• TASK OBJECTIVE: Please return the listing exactly as written, but without its pictures.

• SUPPLIED INFORMATION:
================

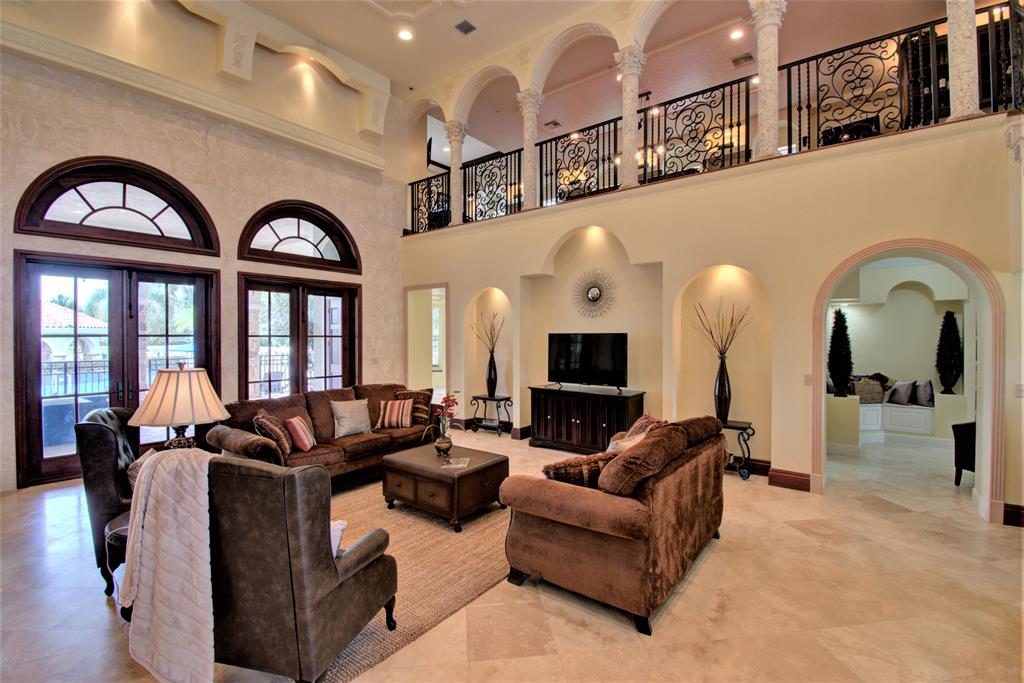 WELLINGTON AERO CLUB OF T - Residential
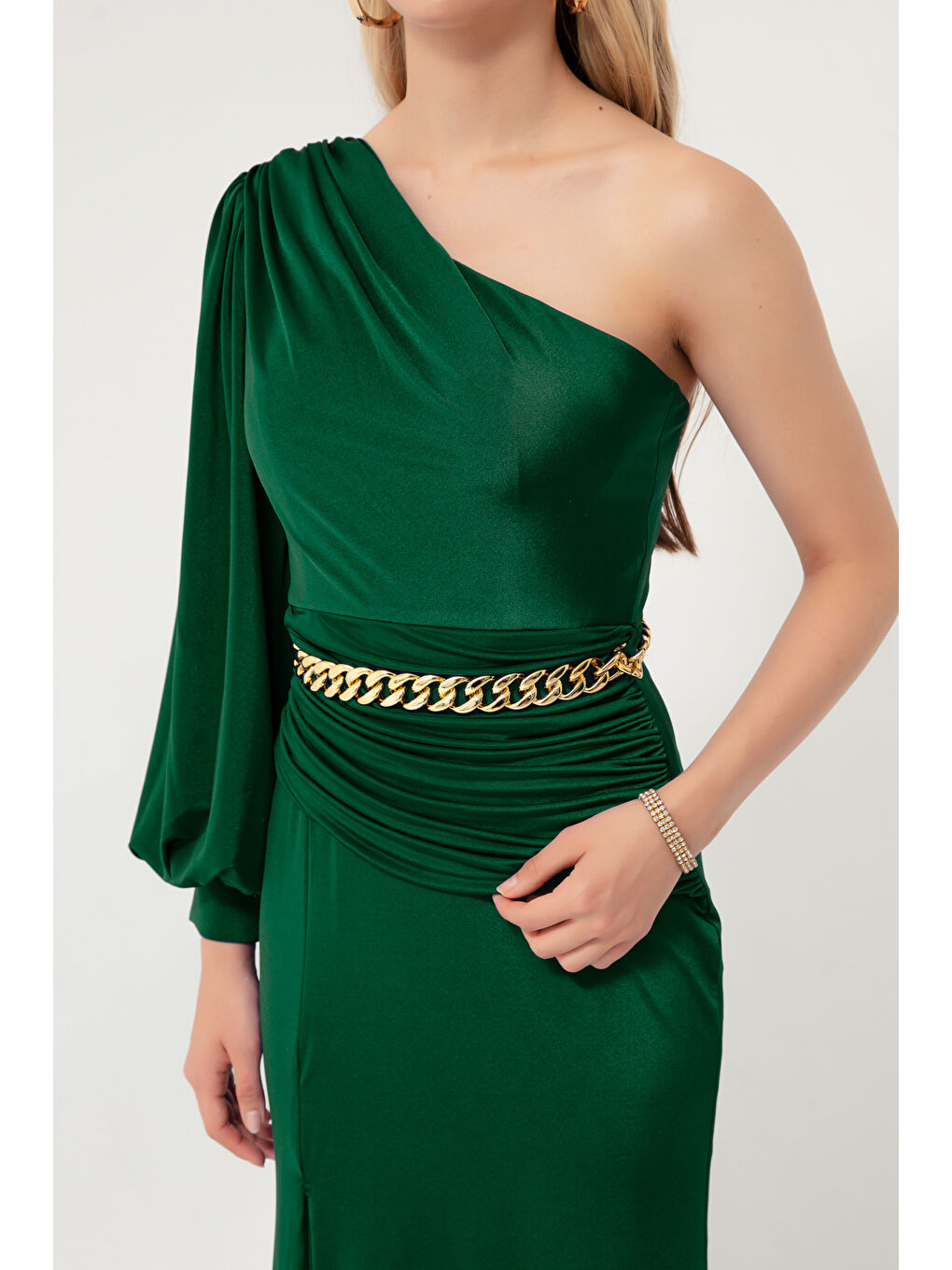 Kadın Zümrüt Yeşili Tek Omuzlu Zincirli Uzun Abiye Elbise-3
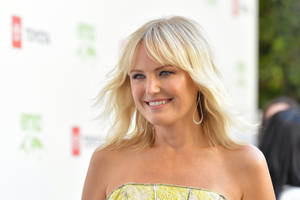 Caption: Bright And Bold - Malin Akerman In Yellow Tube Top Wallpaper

================

• OUTPUT OF THE EXERCISE:
 WELLINGTON AERO CLUB OF T - Residential
 Kadın Zümrüt Yeşili Tek Omuzlu Zincirli Uzun Abiye Elbise-3
 Caption: Bright And Bold - Malin Akerman In Yellow Tube Top Wallpaper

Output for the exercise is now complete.